Yep. I have in front of me one Teensy 4.1 with 2 square 240x240 displays, one Teensy 4.1 with 2 round 240x240 displays, a Teensy 3.2 with 128x128 TFT displays and a Teensy 3.5 with 128x128 OLED displays. At the moment, since the 128x128 stuff usual the original special optimizations that only run on Teensy 3.x systems, the two 128x128 displays are frozen to use the original code. Unfortunately, the 128x128 TFT displays are rather ancient, and it is nearly hard to see them. But with your code, the 240x240 displays now have more options.
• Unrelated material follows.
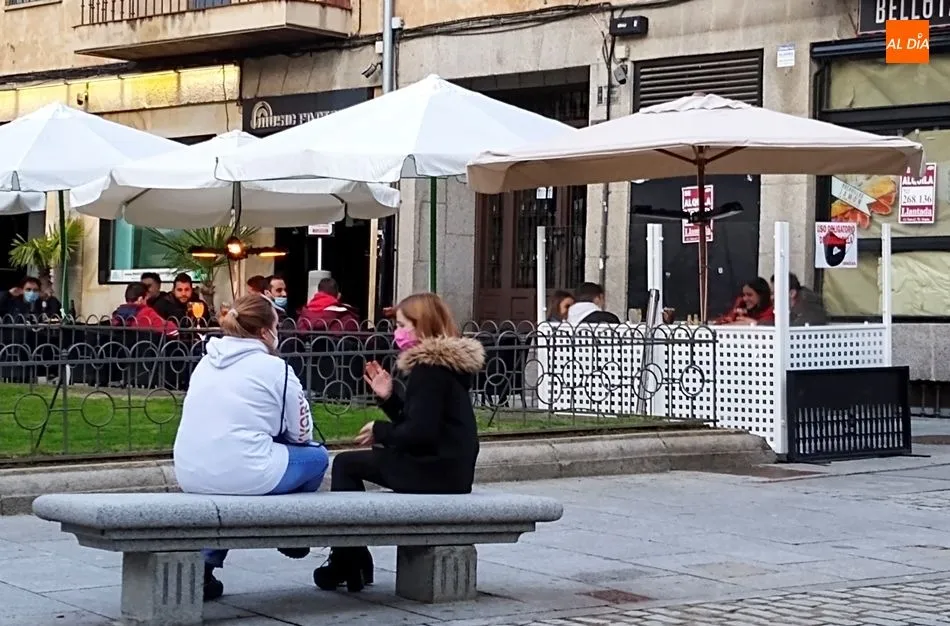 Varias jóvenes conversan sentadas en un banco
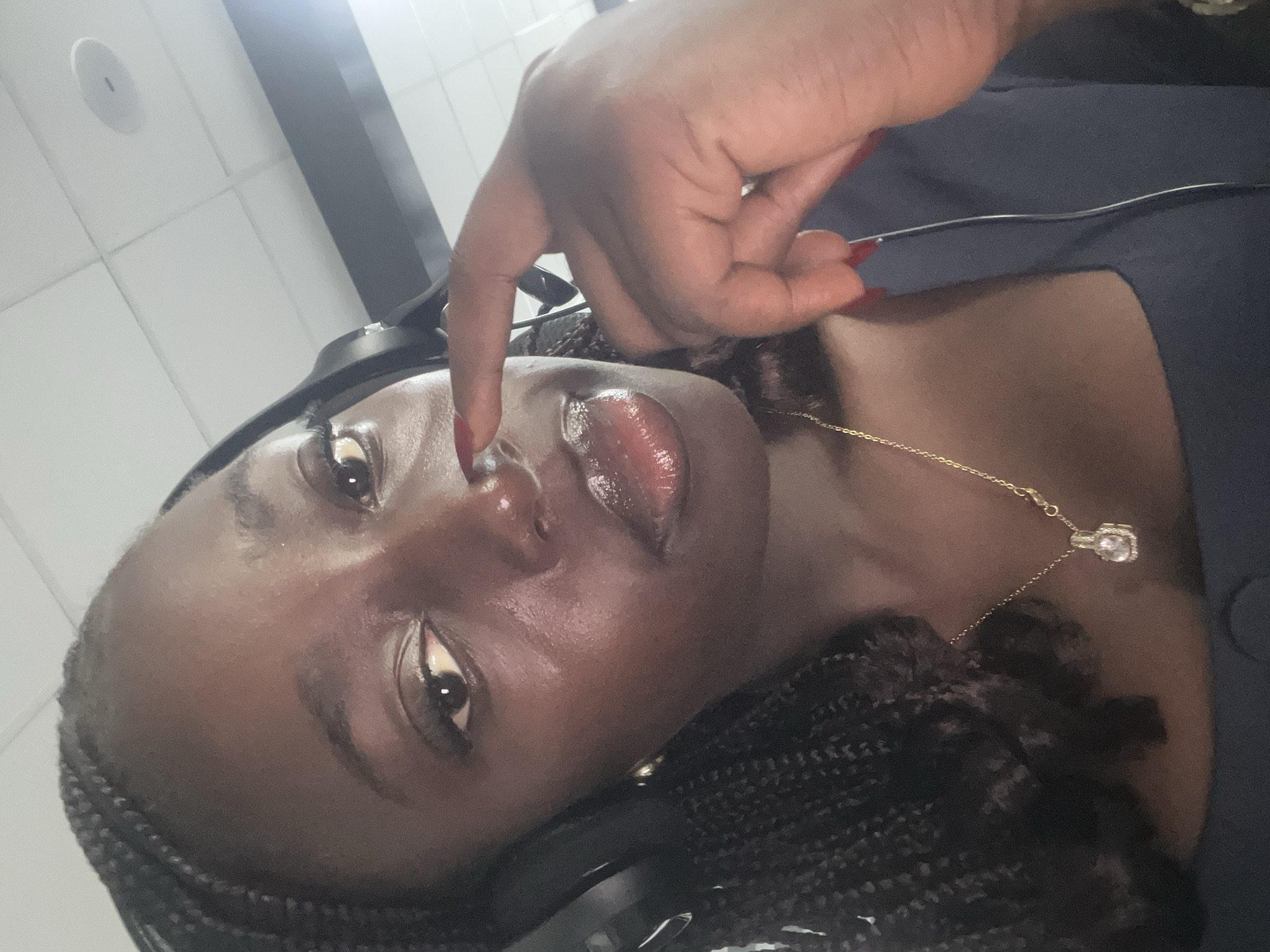 Woman with headphones touches nose indoors in Karum, Nigeria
The two Teensy 4.1's are set up to have an audio shield (one has a prototype board with a parallel 14x2 set of headers for the audio shield since that Teensy just has normal male pins) while the other Teensy 4.1 has stacking headers, and I can mount the audio shield directly on it. Both boards have wiring to support I2C, neopixel level shifter, a momentary push button and 1-2 potentiometers.
Just change EYE_DURATION_MS in main.cpp. Alternatively, update the code at the top of loop() to call nextEye() whenever you like (on a button press for example).
Thanks. I figured it would be simple, I just hadn't delved into it yet. But with the long term goal of moving it to a library, you want there to be a way to easily alter this.
While I don't think neopixel (or sound) code belongs directly in a library like this, it should still play nicely and be easy to support these sorts of use cases. As my code currently stands, each [loop() call renders a single frame (i.e. updates a single eye on a single screen). Whether that's quick enough to also allow LEDs and audio to be kept updated from loop() I'm not sure. If it's not, maybe some sort of callback support could be added per scan line (i.e. 240 times per loop() call), or maybe LEDs and audio would need to be handled via interrupts instead?
I agree, neither neopixel or sound stuff goes in these files. The issue that I have with the current code is the
loop function won't return until an entire eye cycle is done. And so if you add a second loop function to do the neopixels, and the main loop function calls the eyes loop function and then neopixel loop function, you will see one sequence of the neopixel be drawn, and then it will pause while the next eye cycle is done. Similarly for playing sound, it can't start the new sound until the eye cycle is done.
Now there are two ways to 'solve' this. The way the current Adafruit code does it, there is a user function called from the display code at times. Another way is to re-organize the display code so it just does the stuff in smaller pieces and then returns. While I tend to prefer the second method, the first method is simpler.
For FPS just uncomment the #define SHOW_FPS in Display.h. I had a bunch of other data being displayed at one point too but took it out. Drawing text yourself is currently a bit messy; you'd have to keep hold of your DisplayDefinition object and call left.display->drawText(100, 150, ...). This shouldn't be too hard for me to improve.
Note, in my stuff, I just print the FPS stuff to the USB serial monitor. I don't actually paint the screen (though I once did that).
Yes I want to get this working nicely with sound, though no sure baking in audio playback + SD support is the right way to go. I'd rather a more general solution that allowed arbitrary sound code to get the CPU cycles it needed (rather than e.g. just baking in .wav playback support).